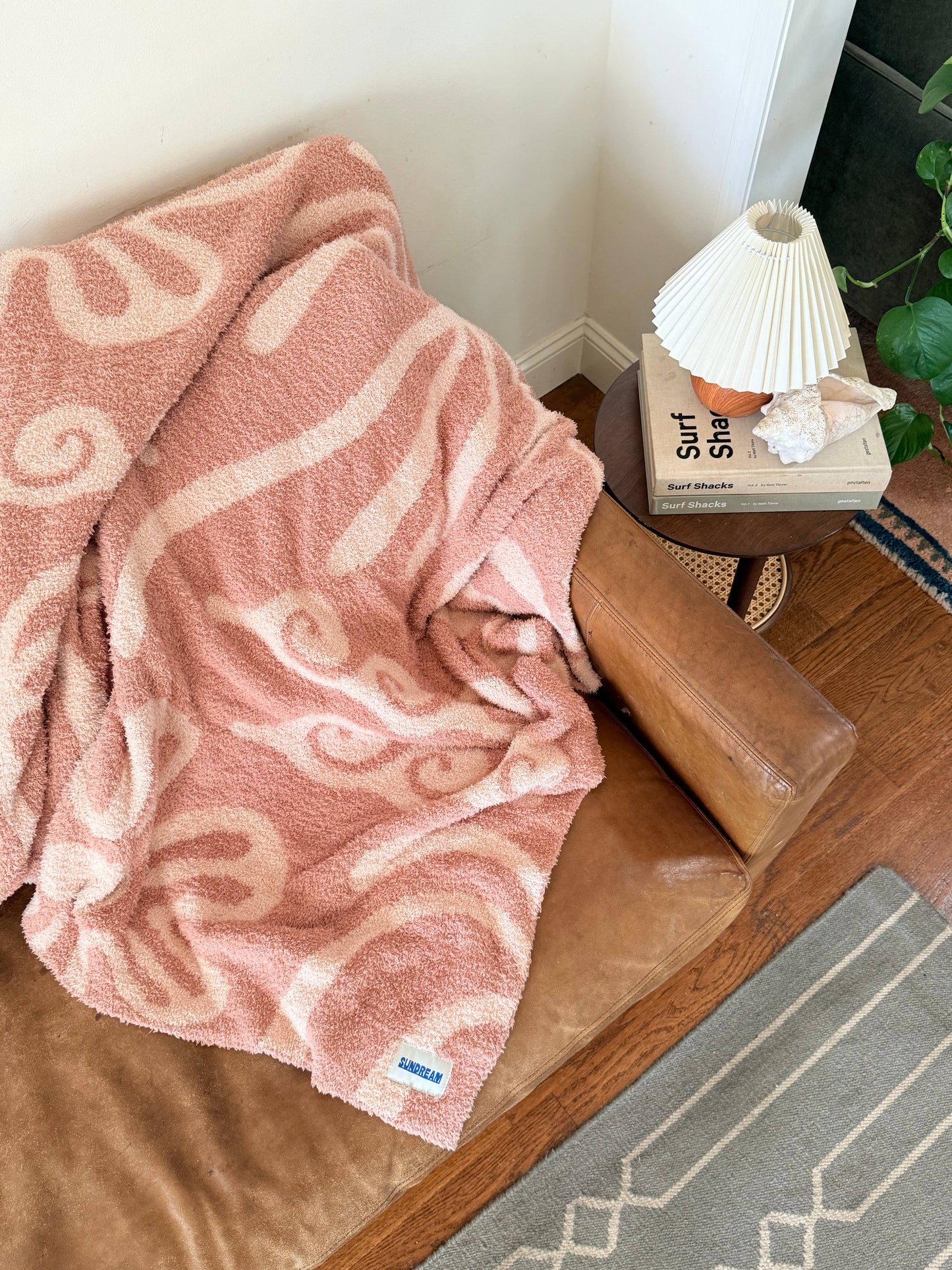 Hanalei Plush Throw - Island Blush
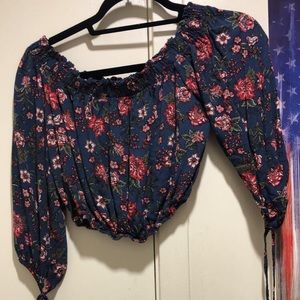 Spoiled crop top 3/4 sleeve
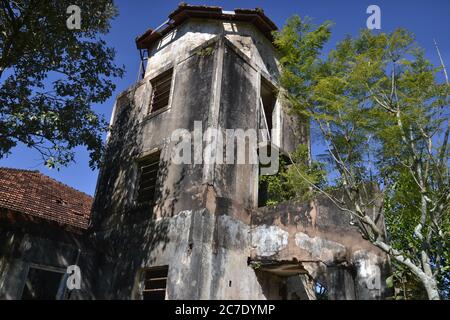 Turm. Verlassene Hotelturm im Inneren von Brasilien, mit Vegetation und Dach, alten Wasserbehälter, Brasilien, Südamerika, Bottom-up-Ansicht, Mit blauem Himmel Stockfoto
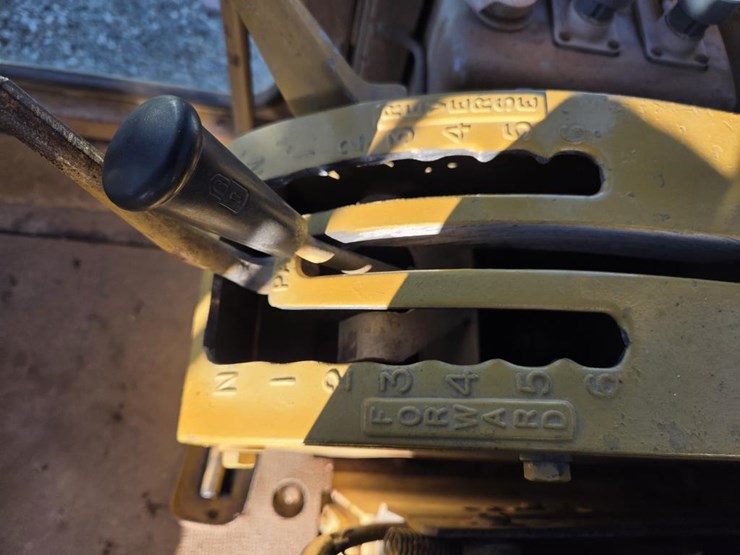 caterpillar-140-image-54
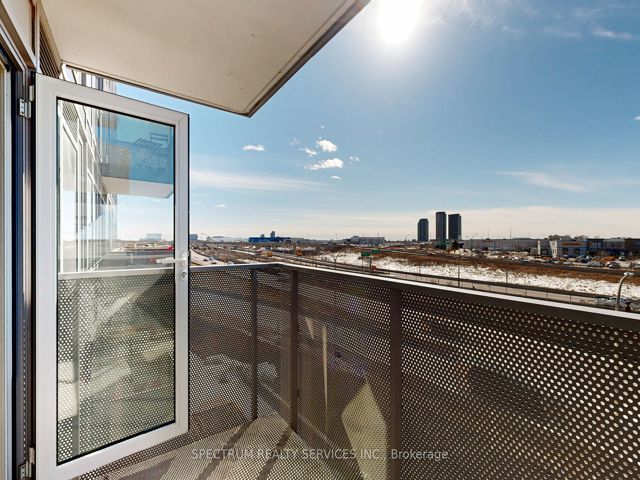 512 - 38 Monte Kwinter Crt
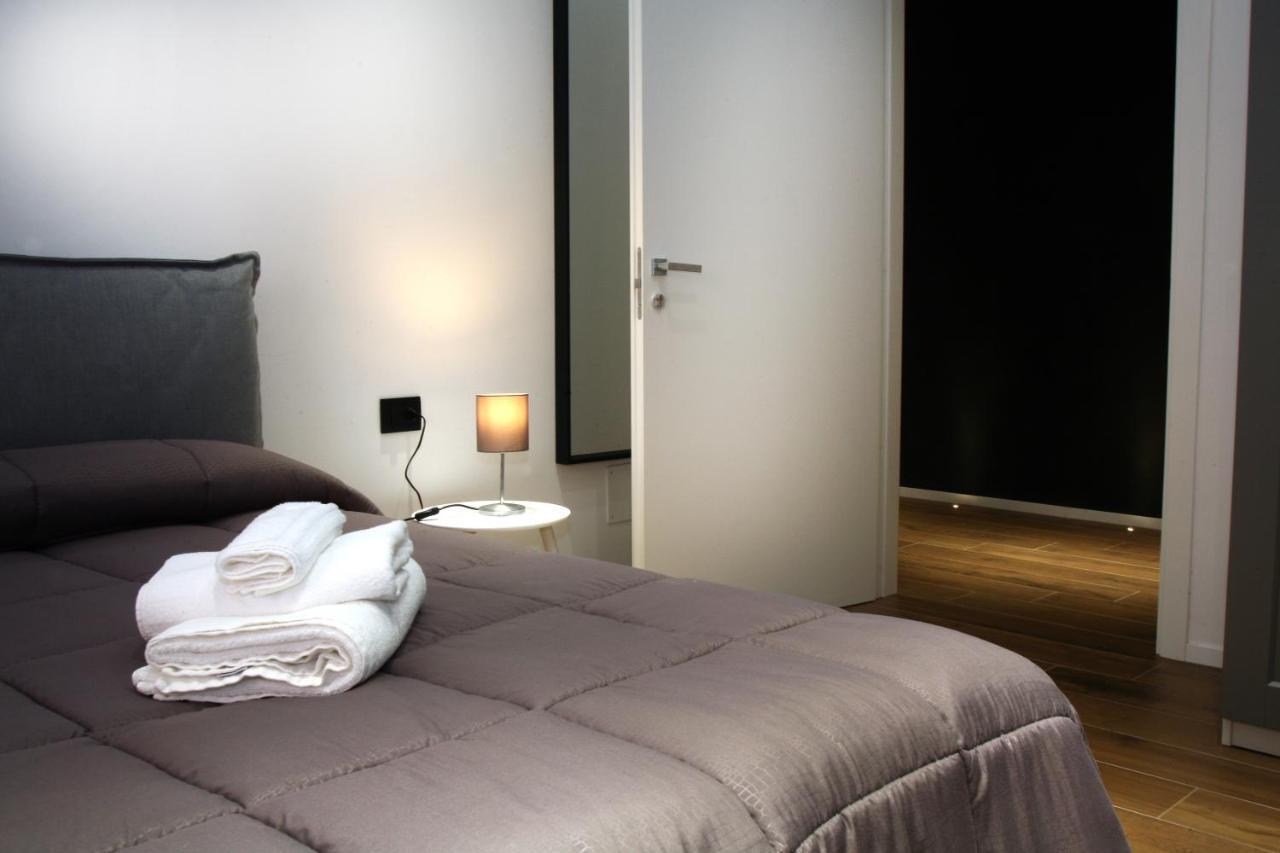 Business Home Via Isonzo B&B 福查 外观 照片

**What you have to do:**
Nothing but the lines from the one that contains "caterpillar-140-image-54" through the last line of the material should be written out, exactly. Omit pictures.

**Solution for this problem:**
 caterpillar-140-image-54
 512 - 38 Monte Kwinter Crt
 Business Home Via Isonzo B&B 福查 外观 照片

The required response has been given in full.